### WHAT IS EXPECTED:
Please return each entry that follows exactly as given, but without pictures.

### SUPPLIED RECORDS:

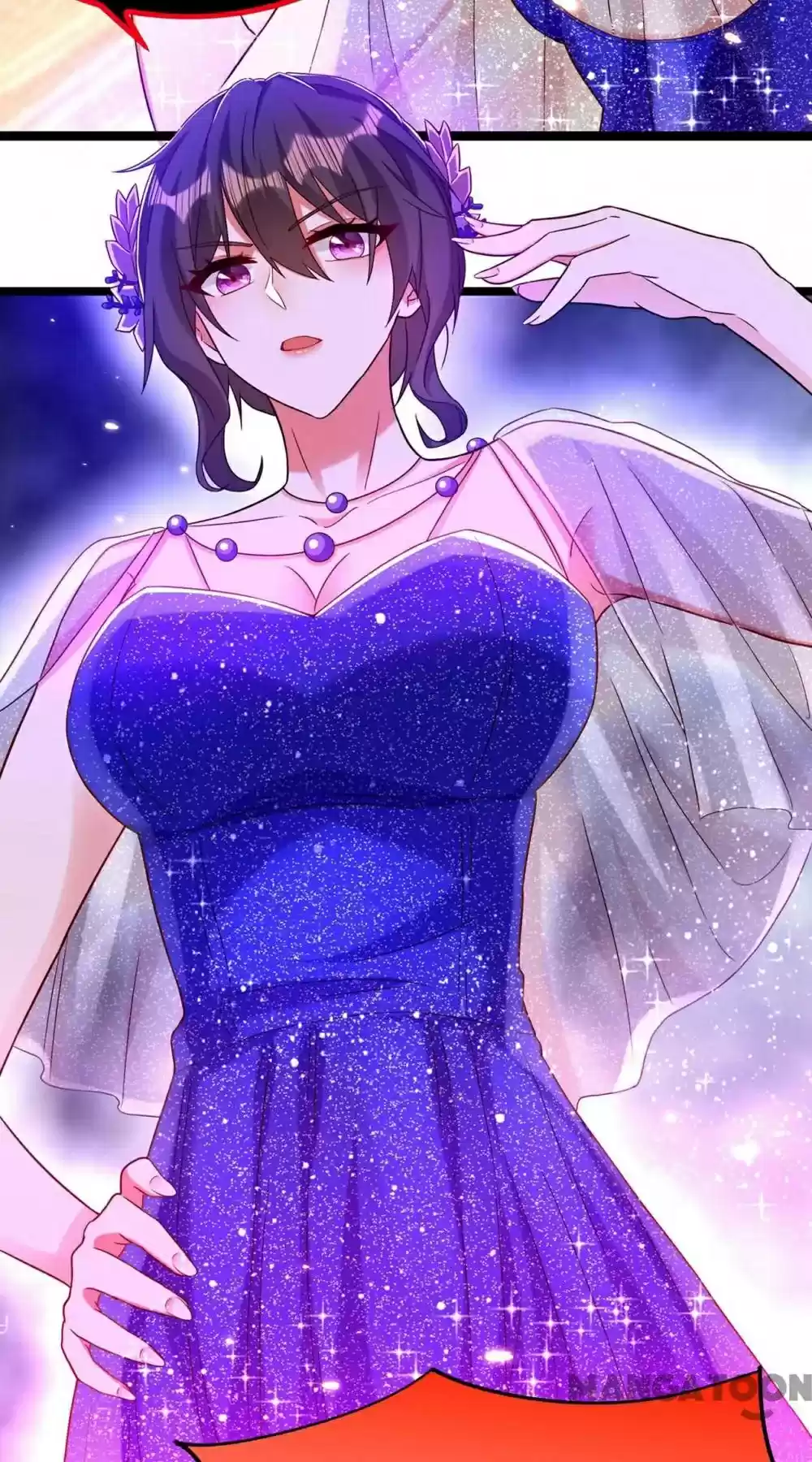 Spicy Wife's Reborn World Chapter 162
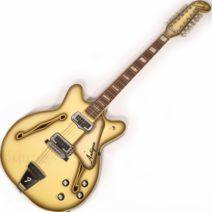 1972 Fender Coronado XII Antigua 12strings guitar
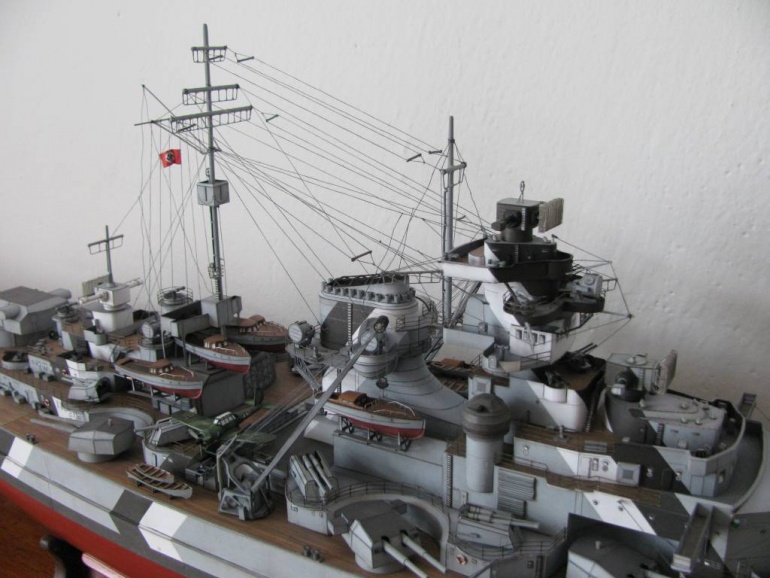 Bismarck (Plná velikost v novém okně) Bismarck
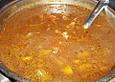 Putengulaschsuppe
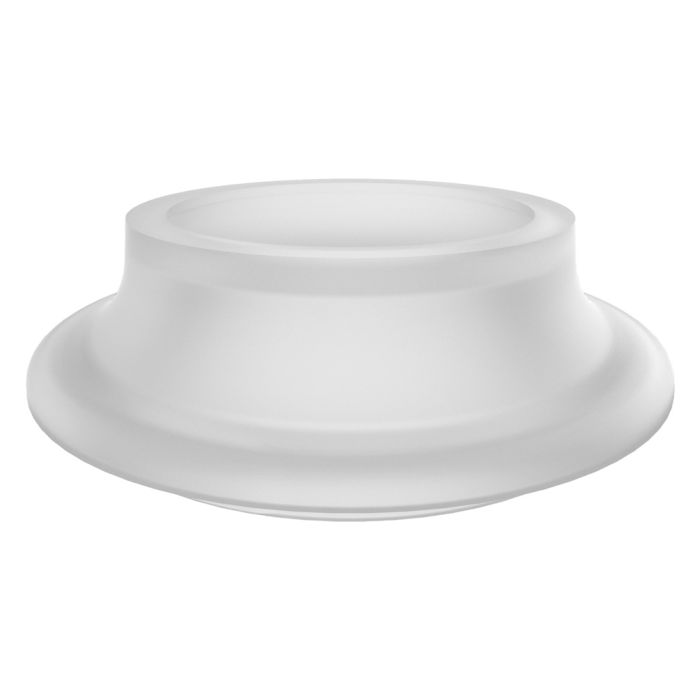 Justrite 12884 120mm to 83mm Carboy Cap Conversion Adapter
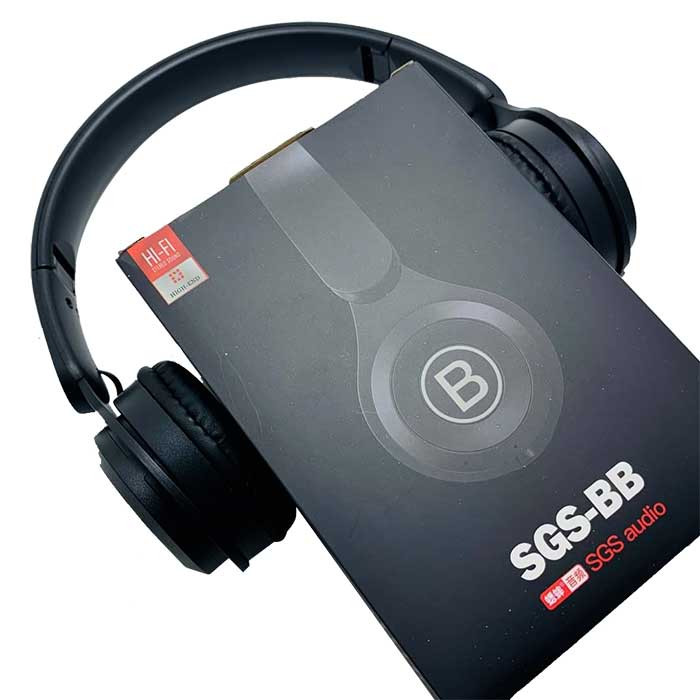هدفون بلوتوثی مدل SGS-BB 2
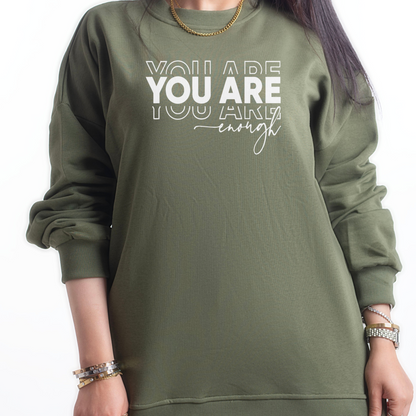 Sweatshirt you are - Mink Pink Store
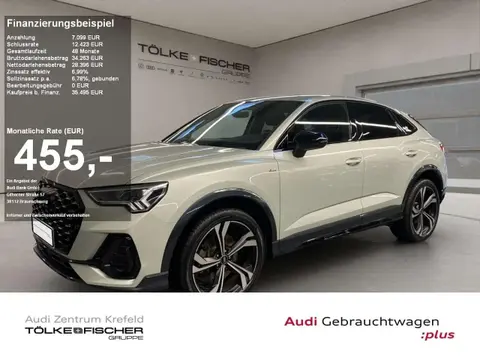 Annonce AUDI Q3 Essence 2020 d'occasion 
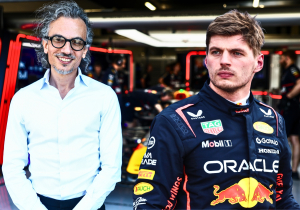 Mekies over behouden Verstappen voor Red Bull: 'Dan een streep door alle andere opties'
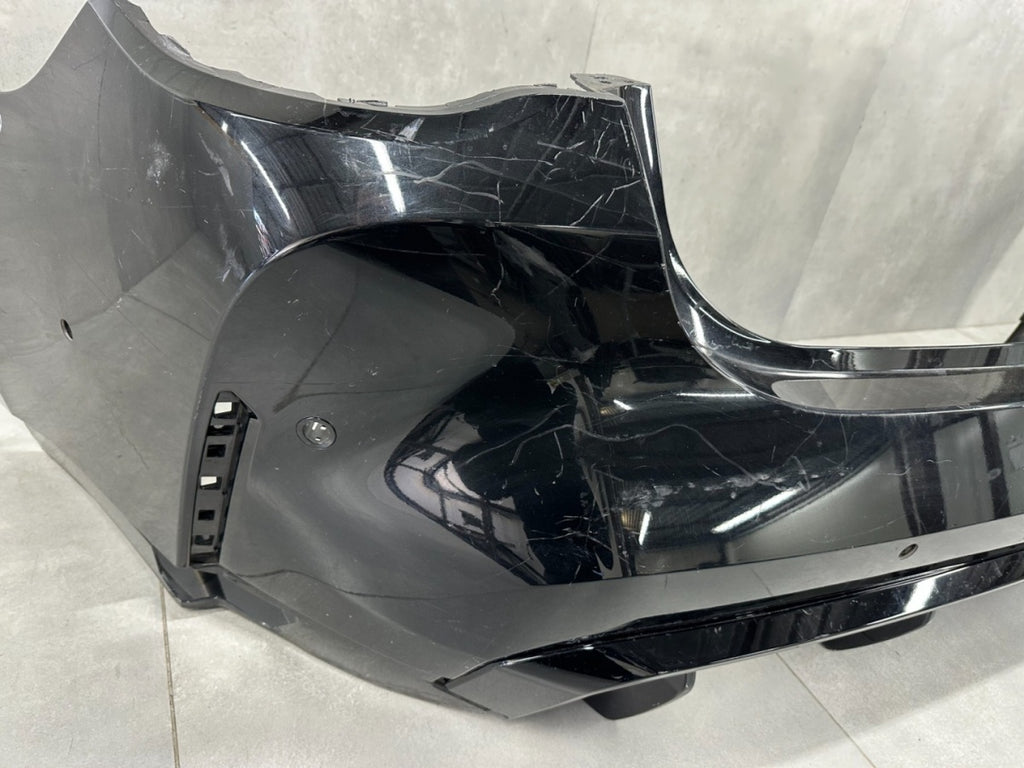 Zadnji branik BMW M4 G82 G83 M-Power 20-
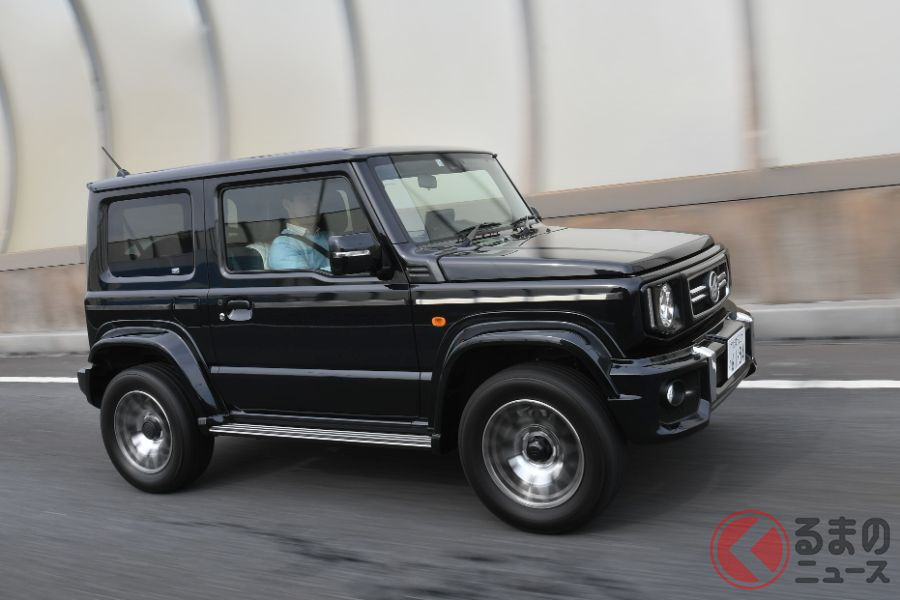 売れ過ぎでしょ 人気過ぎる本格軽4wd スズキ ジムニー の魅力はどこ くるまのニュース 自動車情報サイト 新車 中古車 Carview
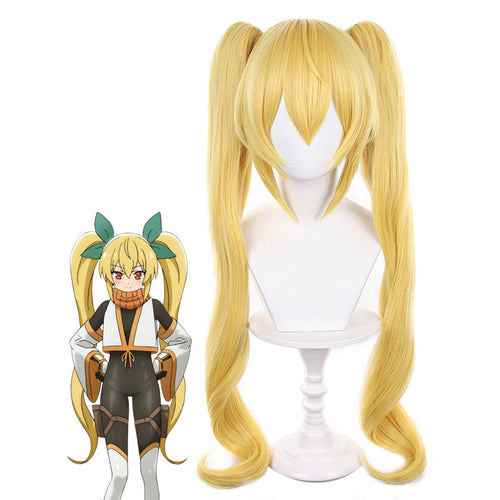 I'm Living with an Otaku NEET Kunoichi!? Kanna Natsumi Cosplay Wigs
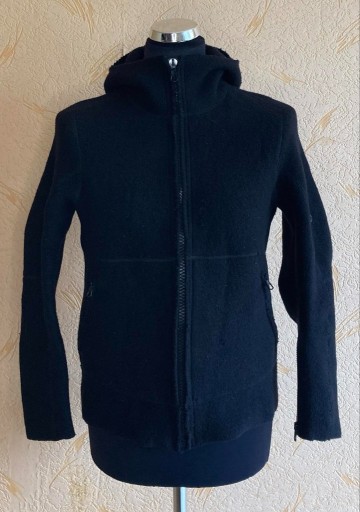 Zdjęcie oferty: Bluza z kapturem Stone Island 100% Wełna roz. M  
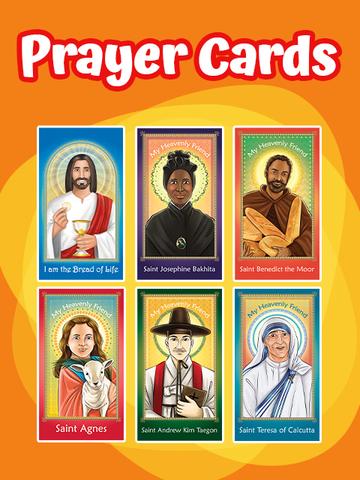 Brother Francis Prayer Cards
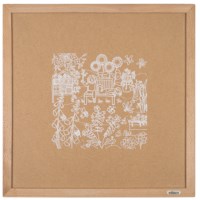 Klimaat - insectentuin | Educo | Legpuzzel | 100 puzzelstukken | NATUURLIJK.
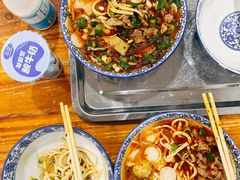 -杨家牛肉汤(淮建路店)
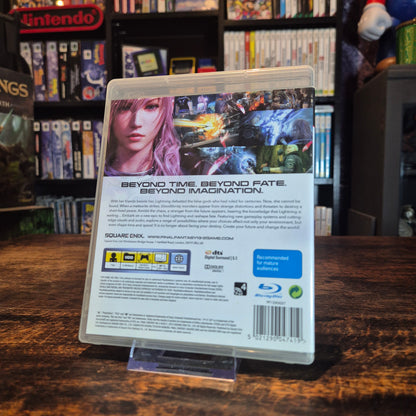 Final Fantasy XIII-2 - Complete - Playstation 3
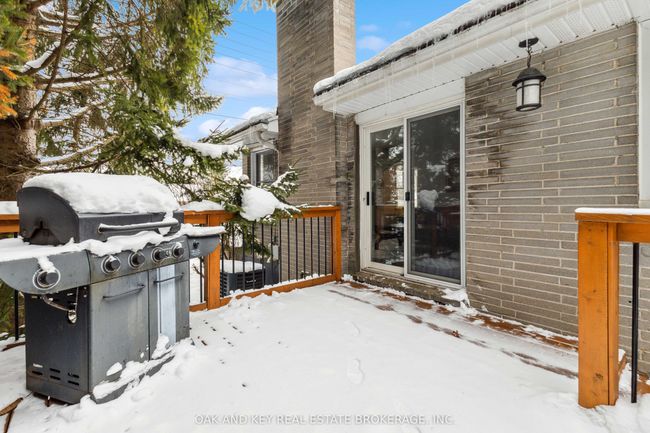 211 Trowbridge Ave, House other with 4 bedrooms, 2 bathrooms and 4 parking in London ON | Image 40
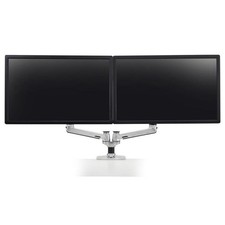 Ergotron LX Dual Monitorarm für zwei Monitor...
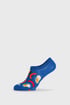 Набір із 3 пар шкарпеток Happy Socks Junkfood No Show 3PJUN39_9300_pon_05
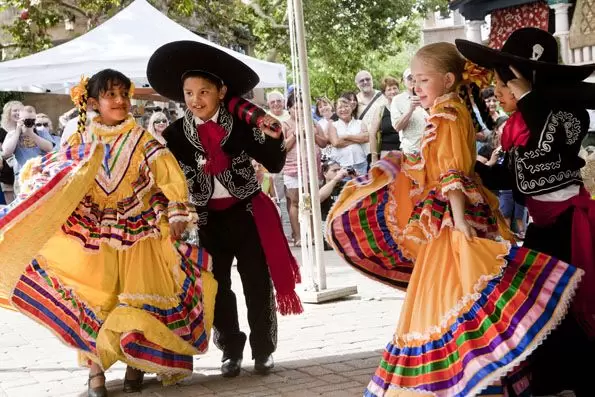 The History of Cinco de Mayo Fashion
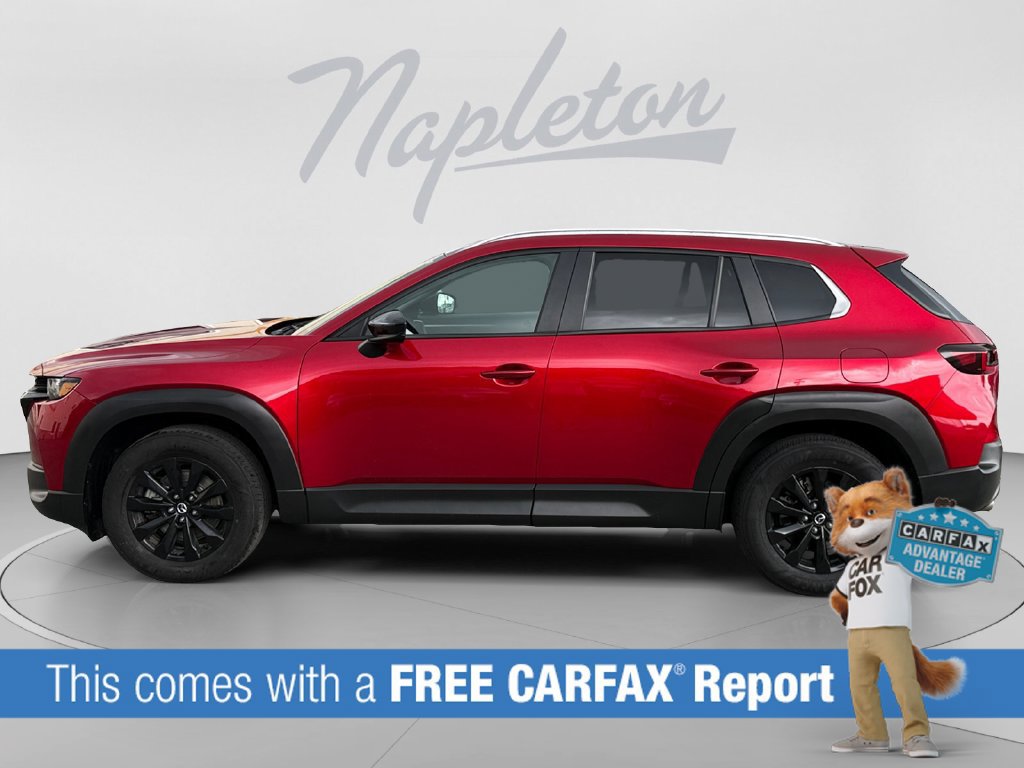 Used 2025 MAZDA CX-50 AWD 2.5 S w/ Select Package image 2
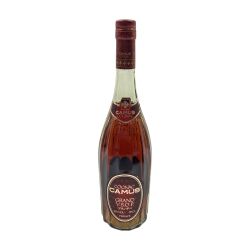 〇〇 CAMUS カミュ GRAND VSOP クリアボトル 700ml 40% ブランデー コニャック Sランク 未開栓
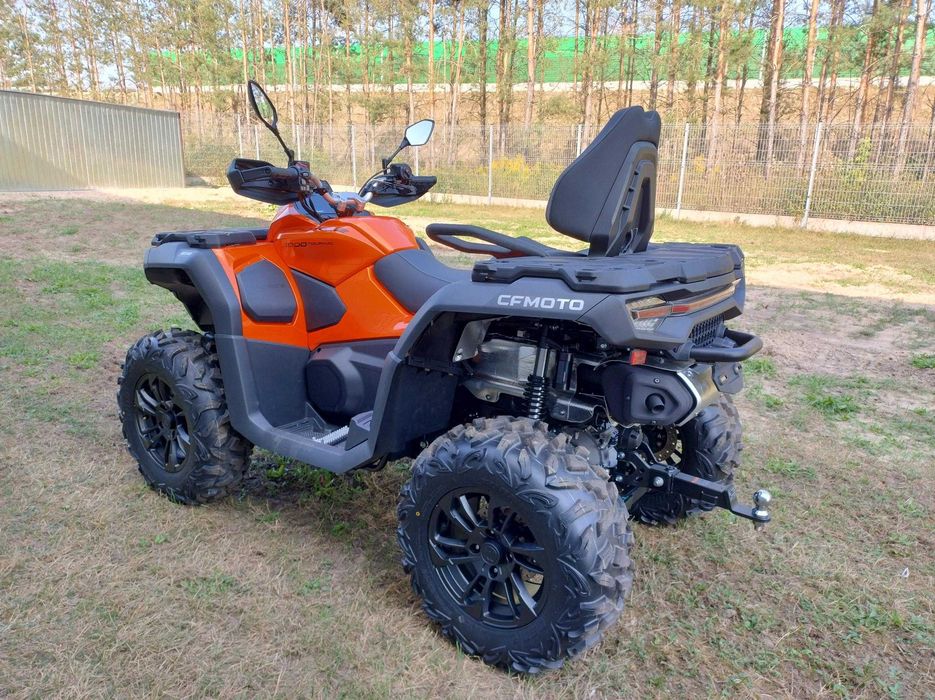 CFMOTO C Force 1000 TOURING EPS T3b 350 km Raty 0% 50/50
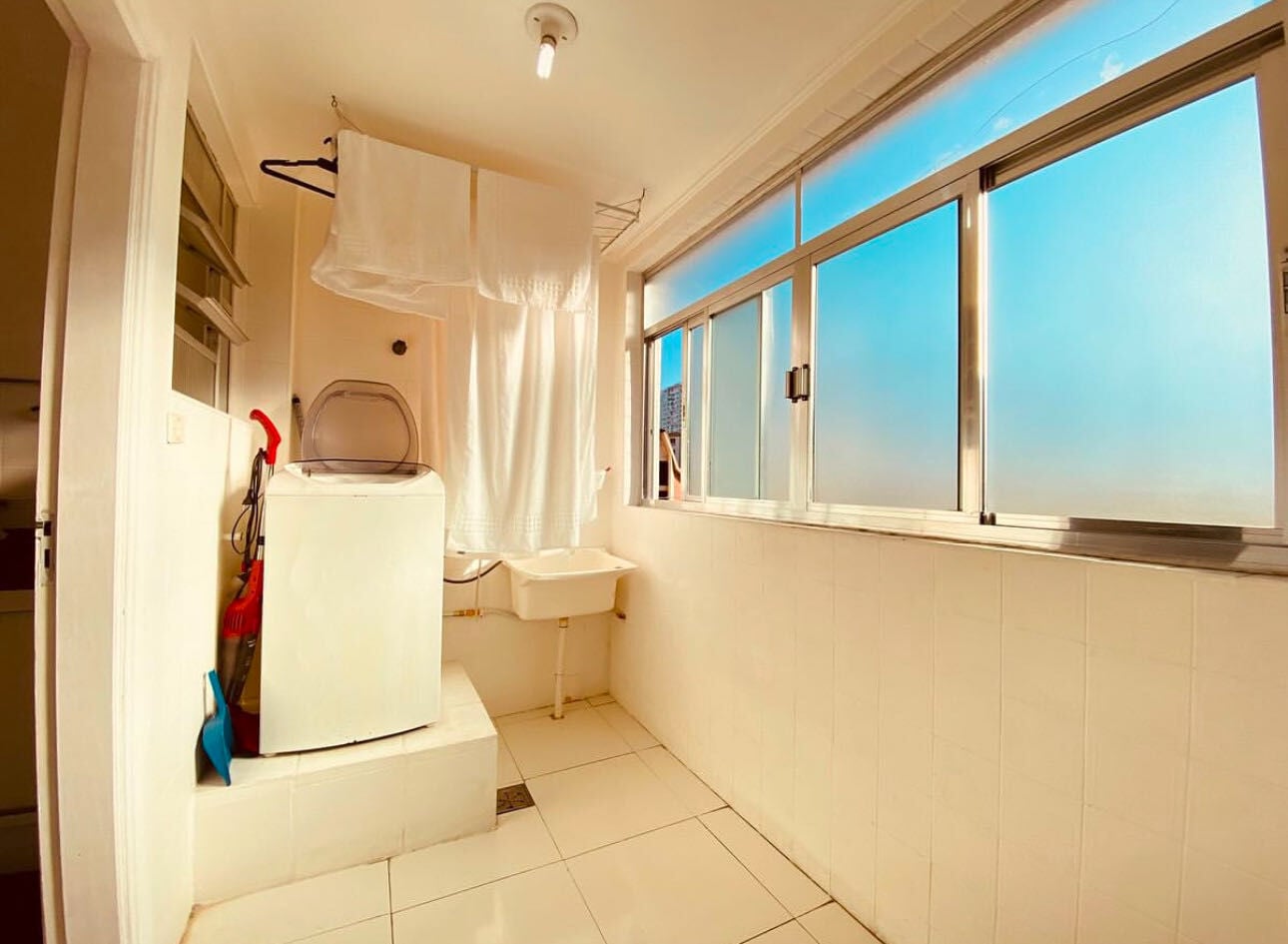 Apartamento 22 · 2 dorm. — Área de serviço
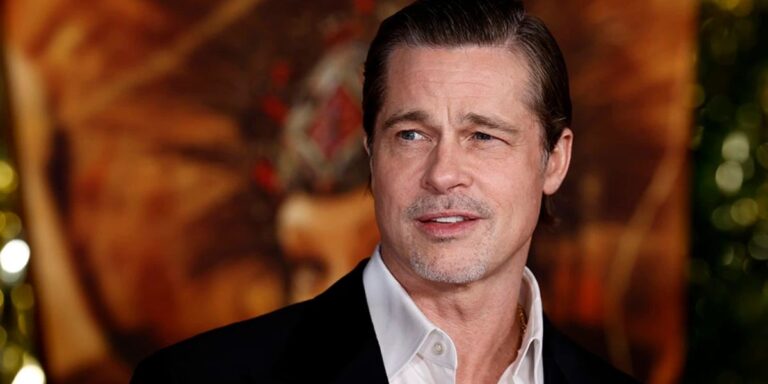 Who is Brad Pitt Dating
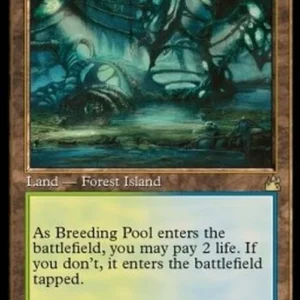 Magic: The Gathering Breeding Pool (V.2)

### SOLUTION FOR THIS EXERCISE:
 Spicy Wife's Reborn World Chapter 162
 1972 Fender Coronado XII Antigua 12strings guitar
 Bismarck (Plná velikost v novém okně) Bismarck
 Putengulaschsuppe
 Justrite 12884 120mm to 83mm Carboy Cap Conversion Adapter
هدفون بلوتوثی مدل SGS-BB 2
 Sweatshirt you are - Mink Pink Store
 Annonce AUDI Q3 Essence 2020 d'occasion 
 Mekies over behouden Verstappen voor Red Bull: 'Dan een streep door alle andere opties'
 Zadnji branik BMW M4 G82 G83 M-Power 20-
 売れ過ぎでしょ 人気過ぎる本格軽4wd スズキ ジムニー の魅力はどこ くるまのニュース 自動車情報サイト 新車 中古車 Carview
 I'm Living with an Otaku NEET Kunoichi!? Kanna Natsumi Cosplay Wigs
 Zdjęcie oferty: Bluza z kapturem Stone Island 100% Wełna roz. M  
 Brother Francis Prayer Cards
 Klimaat - insectentuin | Educo | Legpuzzel | 100 puzzelstukken | NATUURLIJK.
 -杨家牛肉汤(淮建路店)
 Final Fantasy XIII-2 - Complete - Playstation 3
 211 Trowbridge Ave, House other with 4 bedrooms, 2 bathrooms and 4 parking in London ON | Image 40
 Ergotron LX Dual Monitorarm für zwei Monitor...
 Набір із 3 пар шкарпеток Happy Socks Junkfood No Show 3PJUN39_9300_pon_05
 The History of Cinco de Mayo Fashion
 Used 2025 MAZDA CX-50 AWD 2.5 S w/ Select Package image 2
 〇〇 CAMUS カミュ GRAND VSOP クリアボトル 700ml 40% ブランデー コニャック Sランク 未開栓
 CFMOTO C Force 1000 TOURING EPS T3b 350 km Raty 0% 50/50
 Apartamento 22 · 2 dorm. — Área de serviço
 Who is Brad Pitt Dating
 Magic: The Gathering Breeding Pool (V.2)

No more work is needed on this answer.